Several one-dimensional calculations are performed for different
initial data parameterized by the perturbation wavelength
\lambda_1 along the collapsing direction.
Initial wavelengths in the range 1 to 10 Mpc
corresponding to average shock velocities of 9 to 110 km/s are considered.
The higher velocity shocks produce higher concentrations of molecular
hydrogen ranging from
n_H2=5.8\times 10^-2 cm^-3
with a mass fraction n_H2/n=2.8\times 10^-3 for the 10 Mpc
case to 2.5\times 10^-7 cm^-3 and
1.5\times 10^-5 for \lambda_1=1 Mpc.
The gas for those shocks (namely \lambda_1 > 1 Mpc)
that produces large concentrations of H_2 then cools further through
the vibrational/rotational excitation of the molecules.
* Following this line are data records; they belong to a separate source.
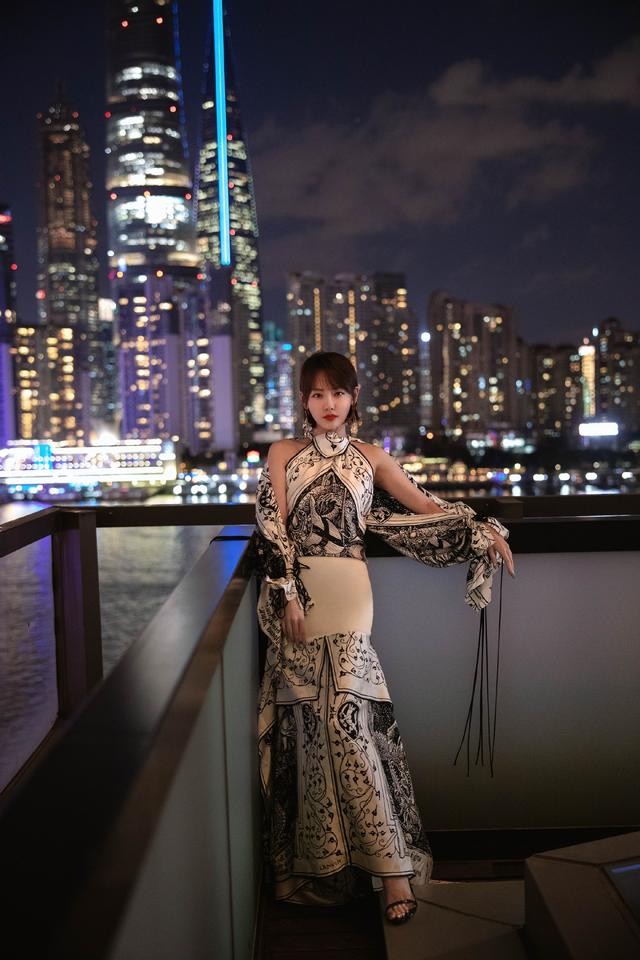 张嘉倪身高多少（张嘉倪比例出众十分靓丽）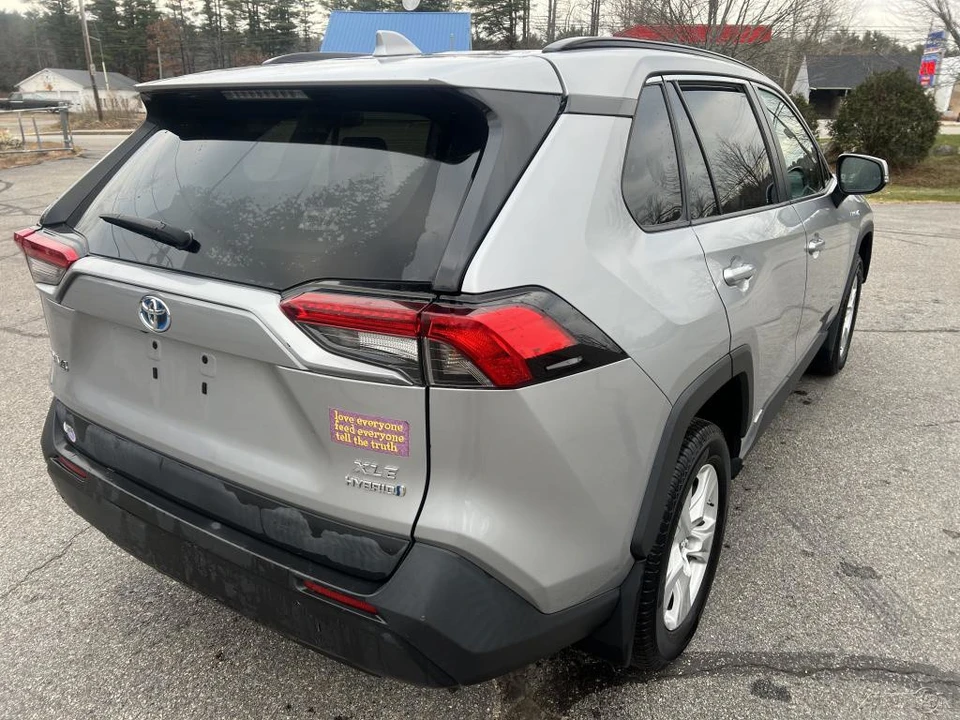 2019 Toyota RAV4 5th Gen - Image 8 of 12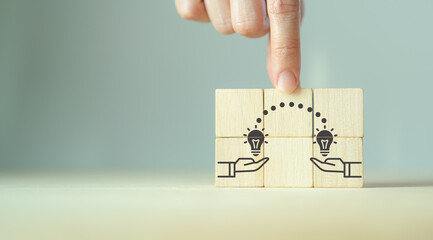 如何在手机上玩洛克王国？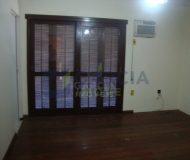 Prédio com 120m², 3 dormitórios, 1 vaga no bairro Sarandi em Porto Alegre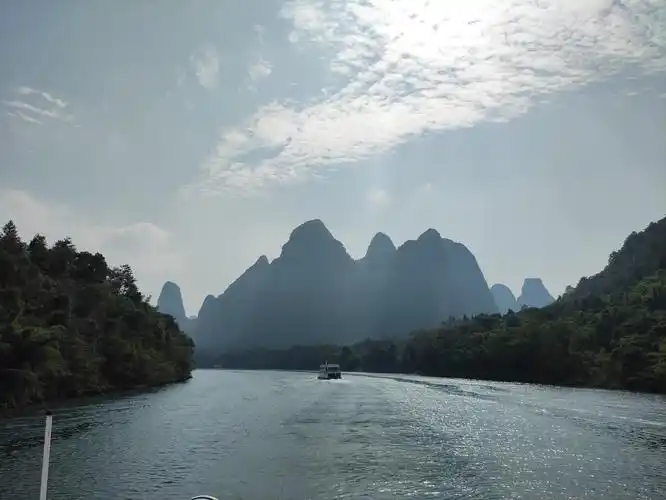 船行漓江游百里画廊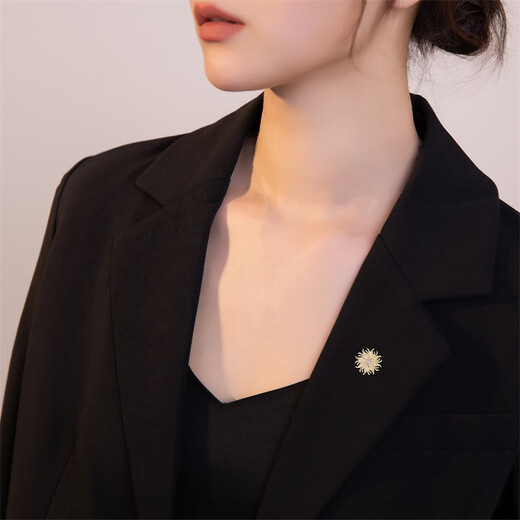 Qlady fireworks brooch, high-end female corsage, exquisite niche design, silk scarf buckle, magnetic buckle, anti-exposure buckle, birthday gift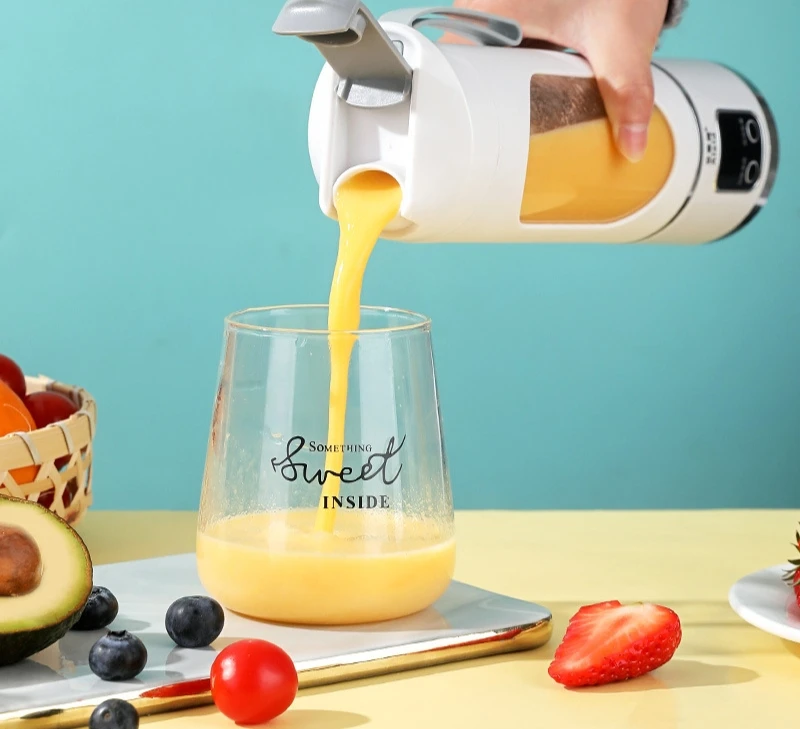 Portable Blender - Personal Blender USB Rechargeable - Mini Blender - Traveling Fruit Veggie Juicer Cup for Home, Sport, Office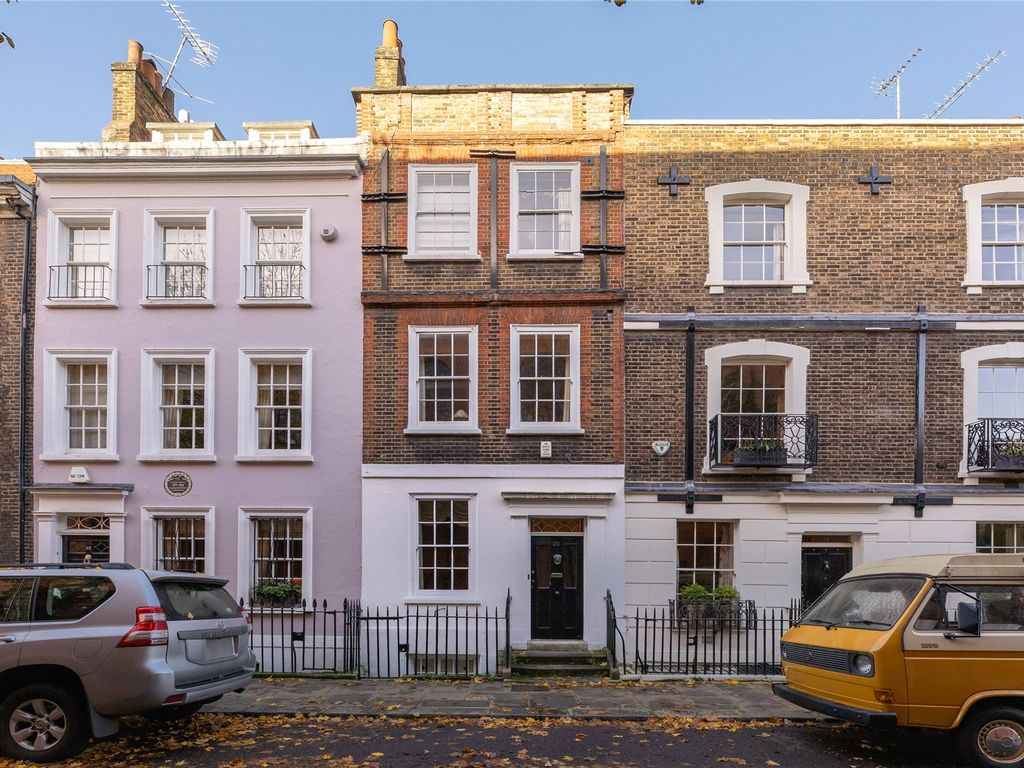 4 bed terraced house for sale in Upper Cheyne Row, Chelsea, London SW3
Because the cooling is isobaric, the accompanying increase in density together
with the drop in temperature combine to collapse the gas
to smaller volumes and to reduce the Jeans mass by factors
up to 10^3 for \lambda_1=10 Mpc (dropping from
9\times 10^6 M_ødot when H_2 is neglected to 9\times10^3 M_ødot).
Hence, the faster moving shocks are likely to
fragment into smaller units that may be associated with
massive stars. The fragmentation process is
investigated with two-dimensional simulations for the case
\lambda_1=4 Mpc.
We confirm predictions from the 1D studies
regarding the size and mass estimates of fragments.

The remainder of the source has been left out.